Oilfield Services: Lagged and Activity-Driven
OFS companies experience commodity price effects with a lag because their revenue depends on upstream capital spending decisions rather than commodity prices directly. The transmission chain is: commodity prices change, then E&P companies adjust capital budgets (typically at the next annual planning cycle or quarterly review), then E&P companies increase or decrease drilling and completion activity, then OFS companies experience the change in demand for their services.
This lag is typically 2-4 quarters, meaning that OFS companies can continue earning strong revenue for several quarters after oil prices have already declined (because E&P companies complete their existing drilling programs before cutting future plans). Conversely, OFS companies may lag the initial stages of an oil price recovery because E&P companies are cautious about ramping activity until they are confident the price improvement is sustainable.
- Rig Count
The number of active drilling rigs operating in the US (or globally), published weekly by Baker Hughes. The rig count is the most widely watched leading indicator for oilfield services activity because it directly measures the level of upstream drilling demand. The US rig count peaked at approximately 1,600 in late 2014, crashed to 400 during the 2016 downturn, recovered to 800 in 2022, and stood at approximately 580 in early 2026. Changes in the rig count signal shifts in E&P capital spending that flow directly to OFS revenue and pricing power.
The rig count is the most widely watched leading indicator for OFS activity. When the rig count rises, OFS companies benefit from both higher utilization and improved pricing power (they can charge more when demand for their services exceeds supply). When the rig count falls, the reverse occurs, often with severe margin compression because fixed costs in drilling and pressure pumping are substantial.
Power and Utilities: Fuel Mix Dependent
The impact of commodity prices on power and utilities depends heavily on the generation fleet's fuel mix and the contractual structure of revenue.
Natural gas prices directly affect merchant power economics. Natural gas fueled approximately 43% of US electricity generation in 2025, making gas the marginal fuel in most wholesale electricity markets.
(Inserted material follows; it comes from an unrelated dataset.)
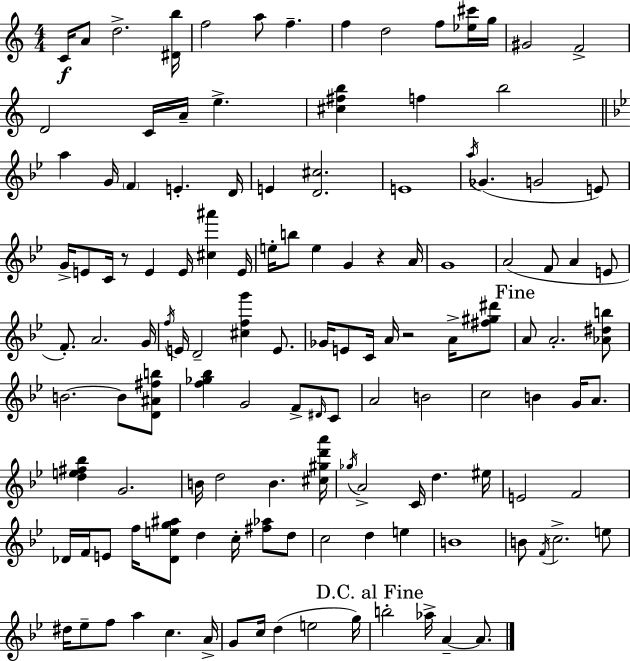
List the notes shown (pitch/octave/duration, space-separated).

C4/s A4/e D5/h. [D#4,B5]/s F5/h A5/e F5/q. F5/q D5/h F5/e [Eb5,C#6]/s G5/s G#4/h F4/h D4/h C4/s A4/s E5/q. [C#5,F#5,B5]/q F5/q B5/h A5/q G4/s F4/q E4/q. D4/s E4/q [D4,C#5]/h. E4/w A5/s Gb4/q. G4/h E4/e G4/s E4/e C4/s R/e E4/q E4/s [C#5,A#6]/q E4/s E5/s B5/e E5/q G4/q R/q A4/s G4/w A4/h F4/e A4/q E4/e F4/e. A4/h. G4/s F5/s E4/s D4/h [C#5,F5,G6]/q E4/e. Gb4/s E4/e C4/s A4/s R/h A4/s [F#5,G#5,D#6]/e A4/e A4/h. [Ab4,D#5,B5]/e B4/h. B4/e [D4,A#4,F#5,B5]/e [F5,Gb5,Bb5]/q G4/h F4/e D#4/s C4/e A4/h B4/h C5/h B4/q G4/s A4/e. [D5,E5,F#5,Bb5]/q G4/h. B4/s D5/h B4/q. [C#5,G#5,D6,A6]/s Gb5/s A4/h C4/s D5/q. EIS5/s E4/h F4/h Db4/s F4/s E4/e F5/s [Db4,E5,G5,A#5]/e D5/q C5/s [F#5,Ab5]/e D5/e C5/h D5/q E5/q B4/w B4/e F4/s C5/h. E5/e D#5/s Eb5/e F5/e A5/q C5/q. A4/s G4/e C5/s D5/q E5/h G5/s B5/h Ab5/s A4/q A4/e.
When gas prices rise, the market clearing price for electricity rises, benefiting generators with lower fuel costs (nuclear, renewables, coal) and penalizing gas-dependent generators whose fuel cost increases. When gas prices fall, electricity prices fall, compressing margins for all generators but reducing the cost advantage of non-gas sources.
Regulated utilities are largely insulated from commodity price changes because they pass fuel costs through to ratepayers via fuel adjustment clauses. Their profitability is driven by the allowed ROE on the rate base, not by commodity prices.
Contracted renewable generators (solar and wind with fixed-price PPAs) have zero fuel cost and contracted revenue, making them almost entirely insensitive to commodity price changes during the PPA term.
| Sub-Sector | Oil Price Up $10/bbl | Gas Price Up $1/MMBtu |
|---|---|---|
| Upstream | Revenue up ~$10/bbl produced | Revenue up ~$1/MMBtu produced |
| Midstream | Volume growth (lagged), fee-insulated | Volume growth (lagged), processing margin impact |
| Downstream | Margin compression (input cost up) | Mixed (gas as refinery fuel cost) |
| OFS | Activity increase (lagged 2-4 quarters) | Drilling activity in gas basins (lagged) |
| Power (merchant gas) | Minimal direct impact | Higher electricity prices, margin impact |
| Power (nuclear/renewable) | Minimal impact | Higher electricity prices, margin expansion |
The table above summarizes the directional effects, but the analytical value comes from connecting these movements into a coherent view of how the entire energy ecosystem responds to price changes.